Sarah Crowe is the acclaimed winemaker at Yarra Yering, one of the Yarra Valley’s most prestigious wineries. Since joining Yarra Yering in 2013, she has elevated the winery’s reputation, crafting elegant, expressive wines that honor the region’s terroir. Read more about Sarah in my new Interview with Winemaker Sarah Crowe of Yarra Yering.
Was there a moment that you remember when you knew that you wanted to be a winemaker?
It wasn’t something I ever set my mind to. I studied viticulture and only went into the winery to help with harvest. I loved the work in the winery, the physicality of it and working with nature and a raw product that you put through fermentation and you make a delicious (hopefully) drink. I ended up staying in the winery and after about 2 years I was having my performance review and the Senior Winemaker said “I think we should formalize what you have become and call you Assistant Winemaker”. I hadn’t really thought about it until that moment. I was just enjoying the work, I was inquisitive but also hard working. That was when I realized, this was what I was now.
What was your first wine job?
My first career was horticulture and I thought how different can viticulture be? So, I went to work in the vineyard at Brokenwood for a while just to see what it was like. Cold in winter and hot in summer sums it up! As someone who switched into winemaker later in your career, how were you taught? On the job mostly or that was the most valuable. I studied a Bachelor of Applied Science in Viticulture, the formal science part of winemaking was more observational than theory. My early years at Brokenwood exposed me to many wines of the world; Australian and International, and I was lucky enough to have a lot of conversations with some of Australia’s most renowned winemakers when they visited.
As a winemaker you taste (and spit) lots of wine, what wine do you feel bad about spitting because you love it so much?
That never crosses my mind really.
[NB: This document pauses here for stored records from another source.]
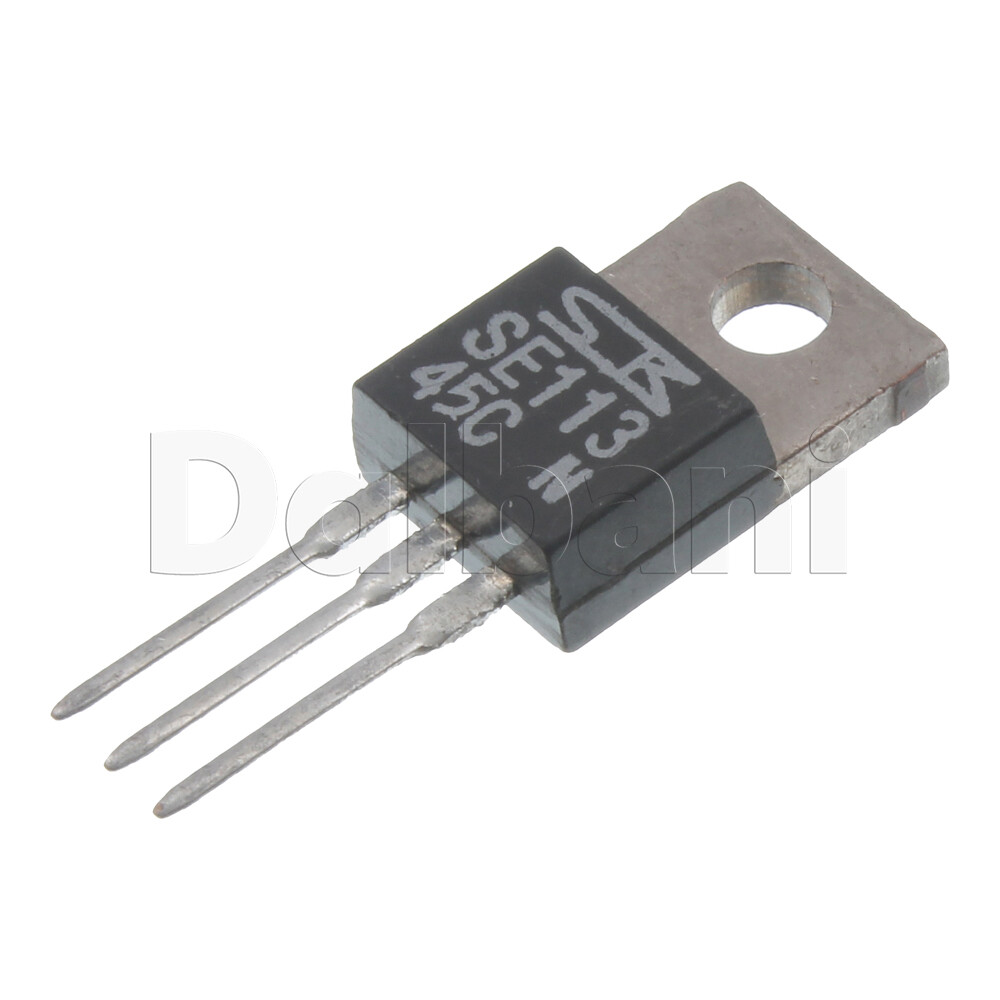 SE113N Original Rectifier Diode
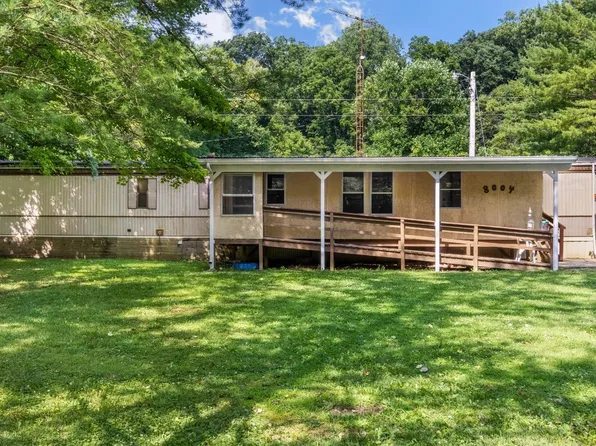 8004 Little Cedar Rd, Brookville, IN 47012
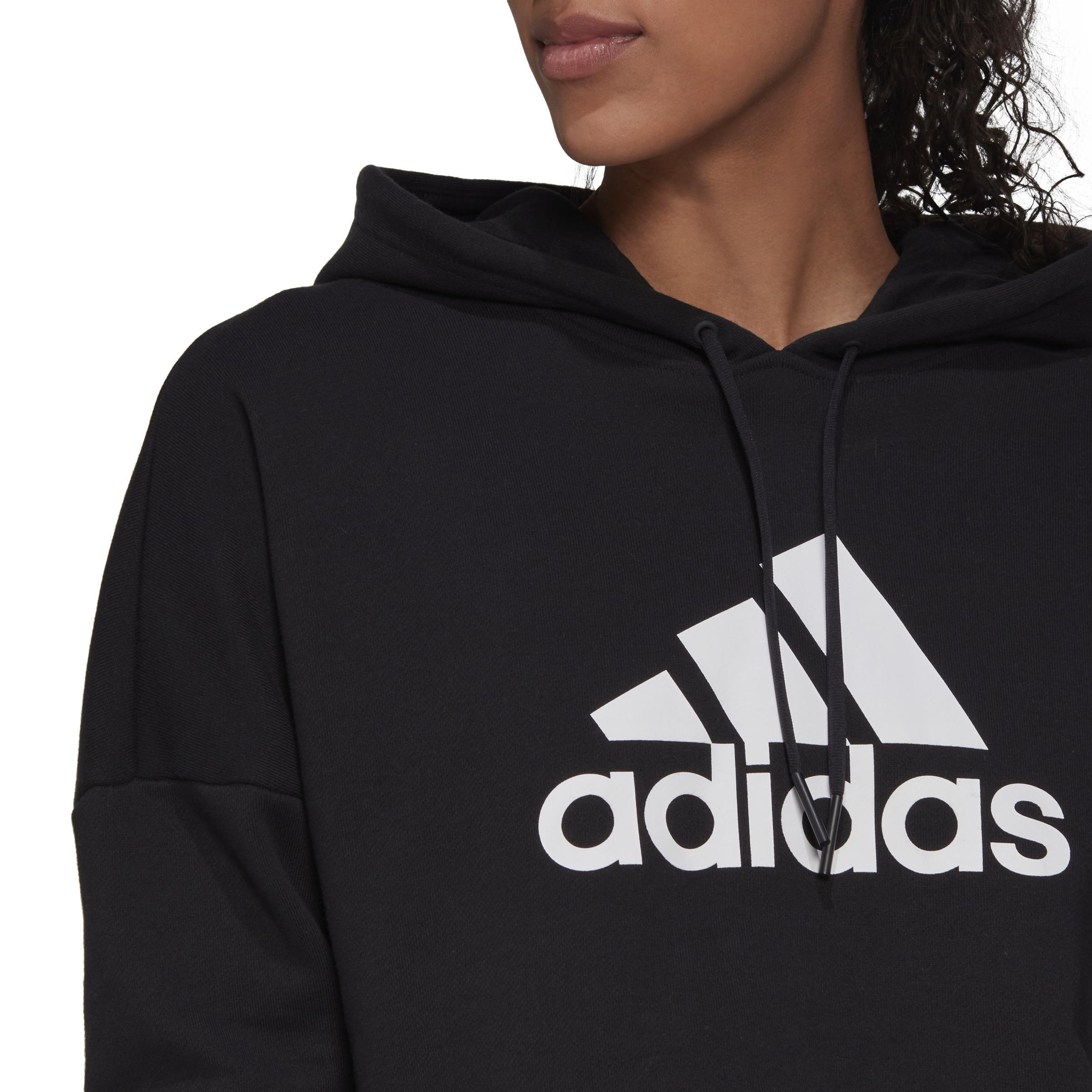 Future Icons Badge Of Sport Hoodie, Black, , large image number 6
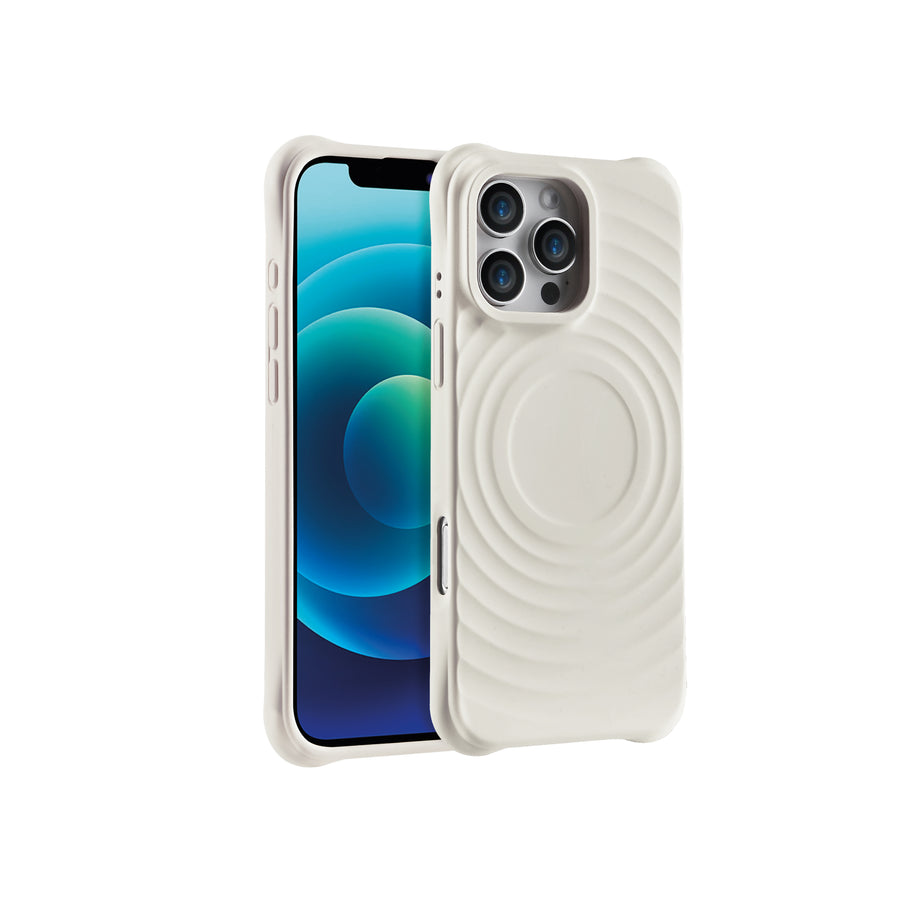 Coque Circle MagSafe iPhone 14 Pro Max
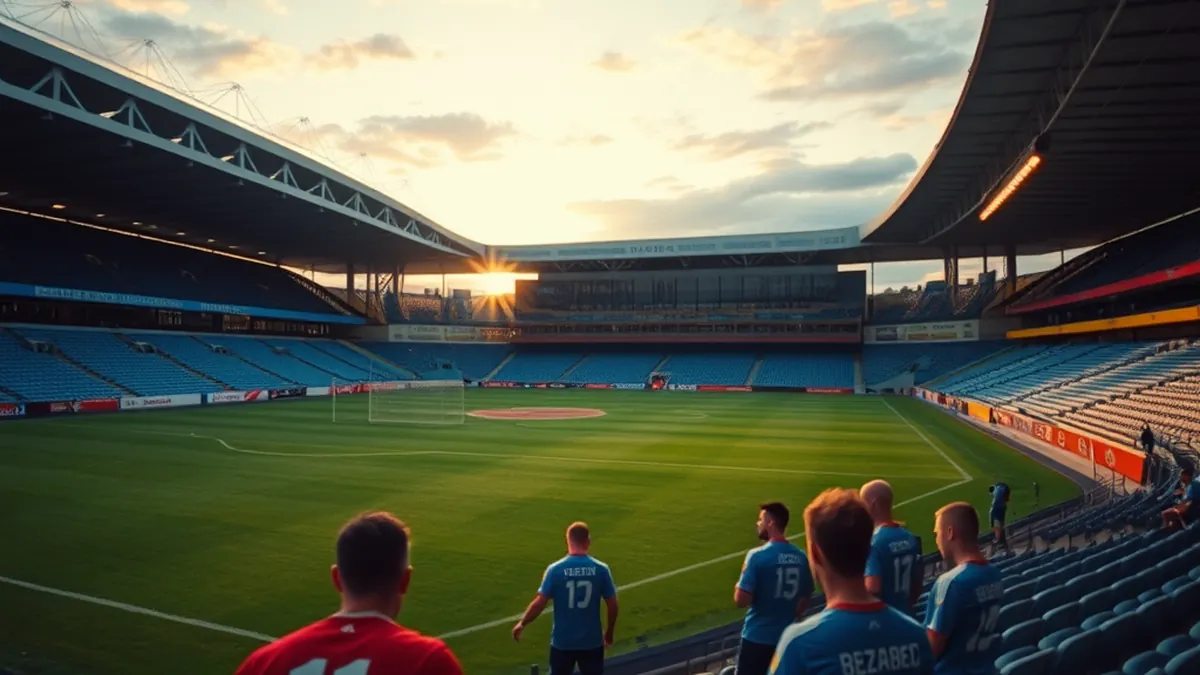 The Saints' Unbreakable Spirit: Rituals and Traditions of St Johnstone Fans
I’m more likely to spit out water accidentally, it’s almost a reflex action. I sometimes swirl my water out of habit. If I had to choose one it would be sparkling because the bubbles actually make spitting more difficult.
What was one of the biggest mistakes you have made in your winemaking career?
I once pumped a wrong barrel into a blend, it meant we didn’t bottle that wine as a single vineyard wine. I was devastated. You only do that once.
Who has been the most influential mentor in your career?
It would have to be PJ Charteris. He has his own wine brand today; Charteris Wines. He was the Senior Winemaker at Brokenwood and took a young cellar hand and made her his Assistant Winemaker. At the time he had other, more qualified options in front of him. We are indifferent states now but keep in touch
regularly, we were talking just yesterday about our respective harvests and how they were going.
What is something you’d like to share about The Yarra Valley that many consumers may not know especially since many of my readers are American?
It is a very diverse region, the climate and varied aspects and elevations across the valley mean we can grow a vast range of varieties and make many styles of wine. It can be hard to market the region in this way. “We have it all!”. It is much easier to hero one or two varieties and many younger wineries focus only on Chardonnay and Pinot Noir. The pioneer wineries, like Yarra Yering, tend to focus on Shiraz and Cabernet or Cabernet blends but also make Chardonnay and Pinot Noir.
You make a LOT of varietals at Yarra Yering. Which is the most challenging to make (between the Pinot Noir, Chardonnay, Shiraz, Cabernet Sauvignon, Sparkling Wines) and why?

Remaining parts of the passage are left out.